First we will prove that $BP=BC=CQ$. Note that by Menelaus's theorem we have \[ 1=\frac{BM}{MC} \cdot \frac{CQ}{QA} \cdot \frac{AP}{PB} = \frac{CQ}{PB},\]so $CQ=PB$. Also $CQ+PB=(CQ+QA)+(PB-PA)=AC+AB=2BC \Rightarrow CQ=PB=BC.$

Let $D=(BMQ) \cap (CMP)$. Now we will prove that $AD=AP=AQ$. Note that this condition is equivalent to condition that $A$ is center of circle $(PQD)$. Since $AP=AQ$, it's enough to prove that $\angle PAQ=2 \angle PDQ$. Note that $D$ is center of spiral similarity of segments $PQ$ and $CB$, so $\angle PQD=\angle BCD$ and $\angle PCD=\angle QBD$, so $\angle BDC=180^\circ-\angle DBC-\angle DCB=180^\circ - (\angle CBQ + \angle BCP)=180^\circ-(90^\circ - \frac{1}{2}\angle BCA + 90^\circ - \frac{1}{2}\angle CBA)=\frac{1}{2} (\angle ABC + \angle ACB)=\frac{1}{2}\angle QAP.$ So, really $\angle PAQ=2 \angle PDQ$ and $AP=AQ=AD$.

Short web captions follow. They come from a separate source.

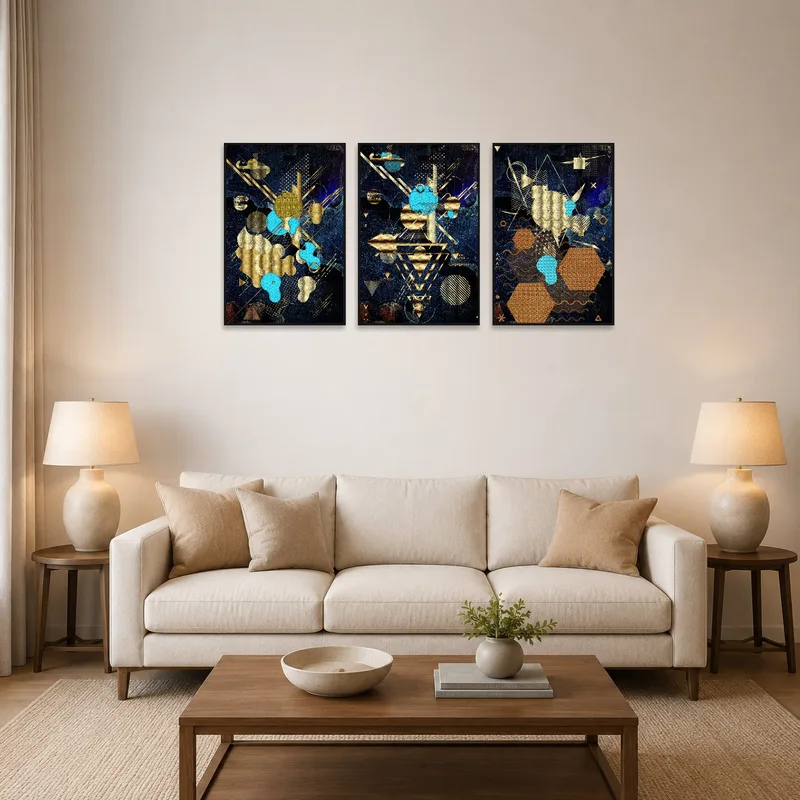 A bold abstract triptych dominates the living room wall with celestial motifs.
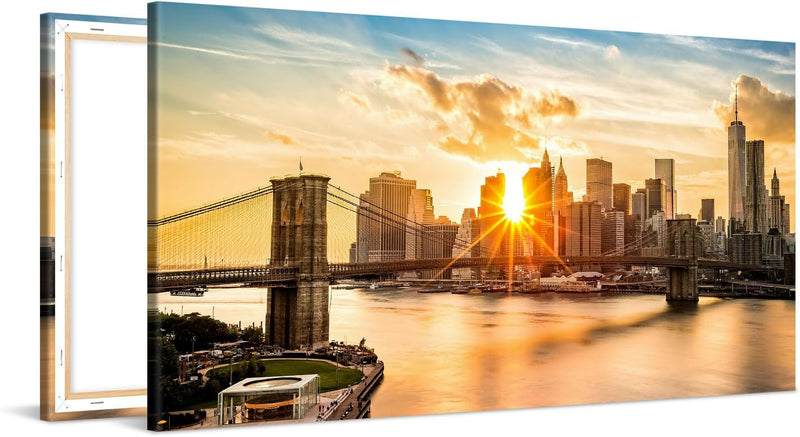 PICANOVA – Leinwandbild 100x50cm Manhattan New York City Sonnenuntergang – Leinwanddruck – Wandbild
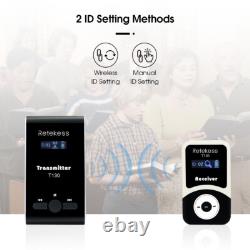 Retekess T130 Wireless Tour Guide System Transmitter 2 Receivers Church Factory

Note that if $BQ \cap AX=E$, then $\angle AEQ=\angle CBQ=\angle CQB=\angle AQE$ and so $AQ=AE \Rightarrow E \in (PQD).$ Now note that since $AD=AE=AP=AQ=AX$, $PEQDX$ is cyclic and then $\angle AXD = \angle DQB = \angle DMB$ and so $M,D,X$ are collinear. By PoP we get $XY \cdot XB = XD\cdot XM = XC \cdot XZ$, so $BYZC$ is cyclic.

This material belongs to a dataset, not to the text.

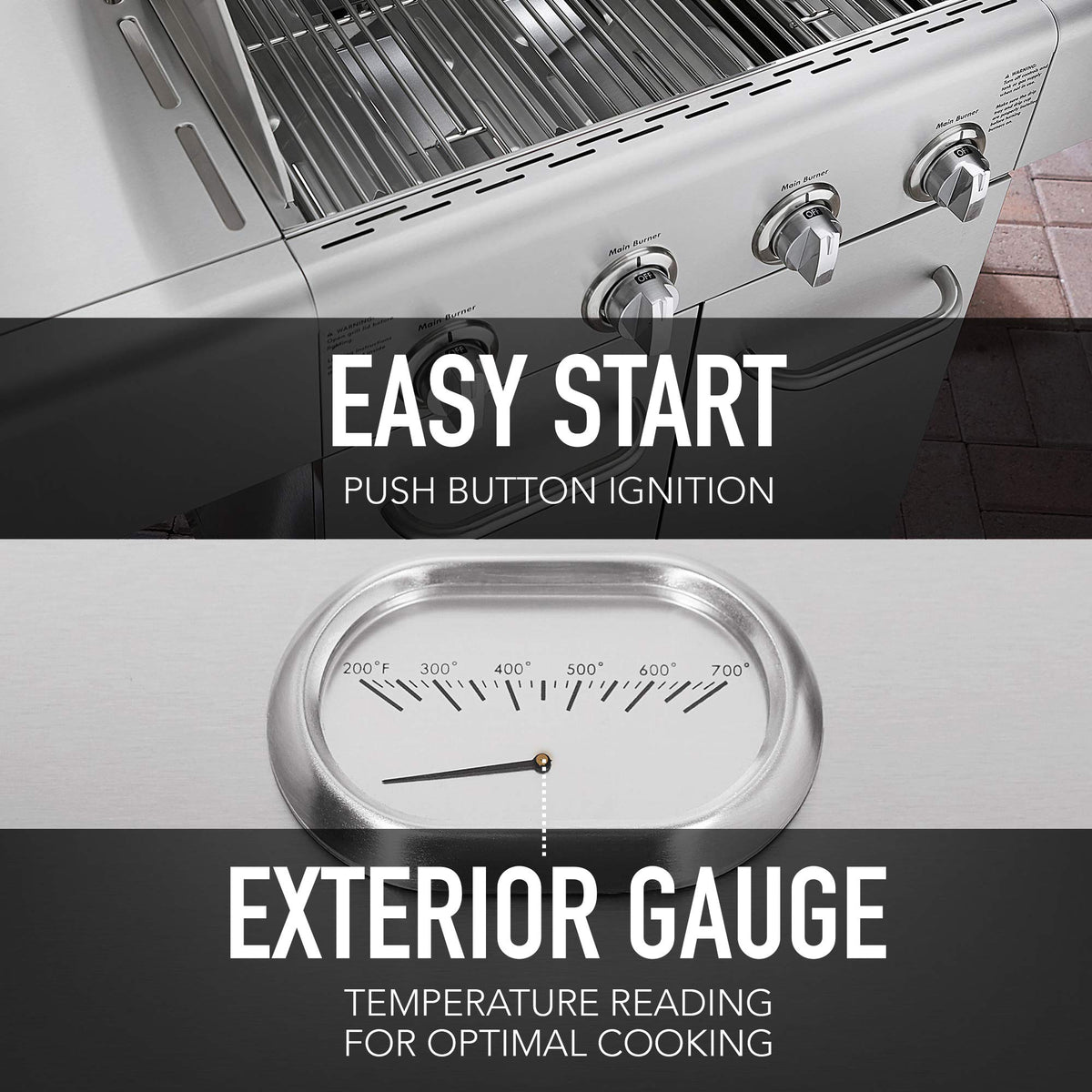 4-Burner Stainless Steel Propane Gas Grill with Side Burner M56900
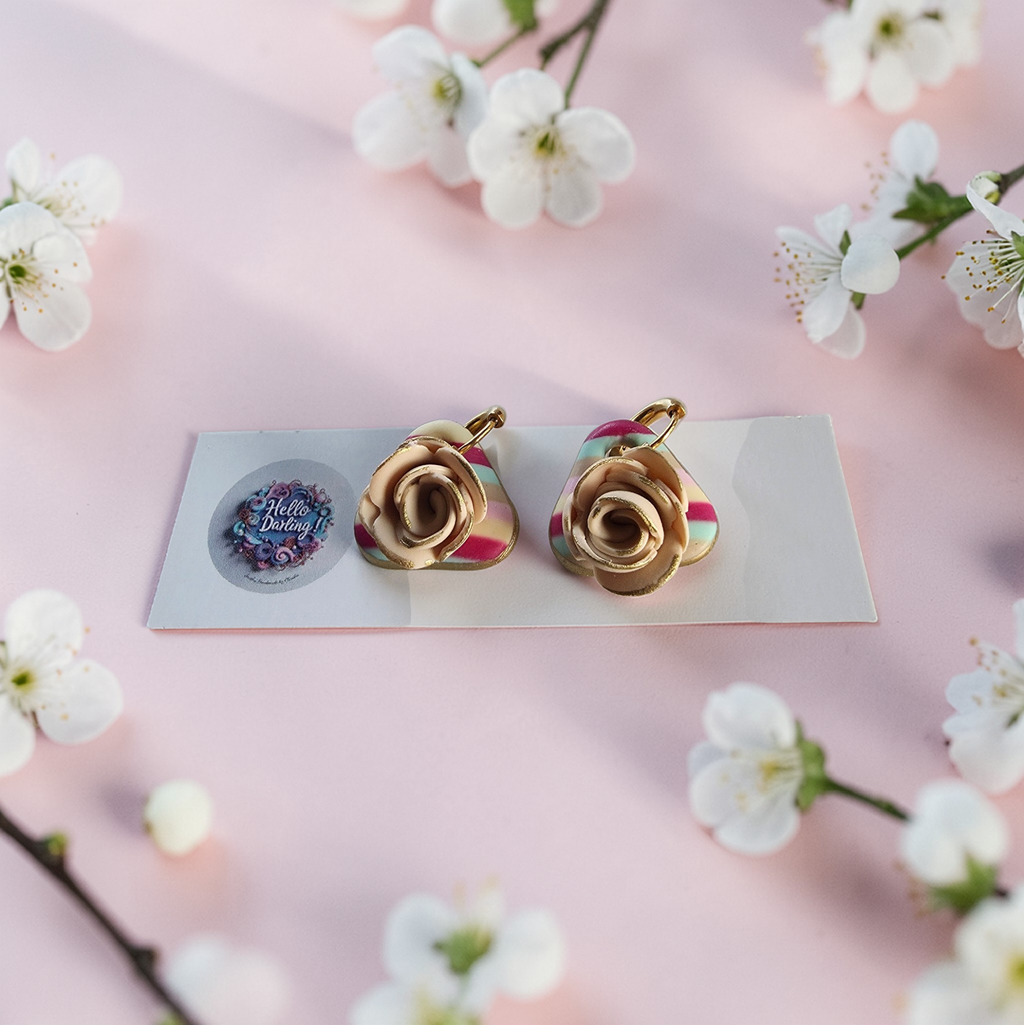 Rose striped earrings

We have $\angle DYX = \angle BMD = \angle CZD$, so $XYDZ$ is cyclic. Now $\angle AXZ = \angle XCB = \angle ZYX$, so $AX$ is tangent to circle $(XYDZ)$. Since $AD=AX$, line $AD$ is also tangent to circle $(XYDZ)$. By this reason it is enough to prove that $XYDZ$ is harmonic quadrilateral.

Note that $\Delta XZD \sim \Delta XMC$ and $\Delta XDY \sim \Delta XBM$, so \[ \frac{XZ}{ZD}=\frac{XM}{MC}=\frac{XM}{MB}=\frac{XY}{YD} \Rightarrow XZ \cdot DY = XY \cdot ZD\]and so we are done!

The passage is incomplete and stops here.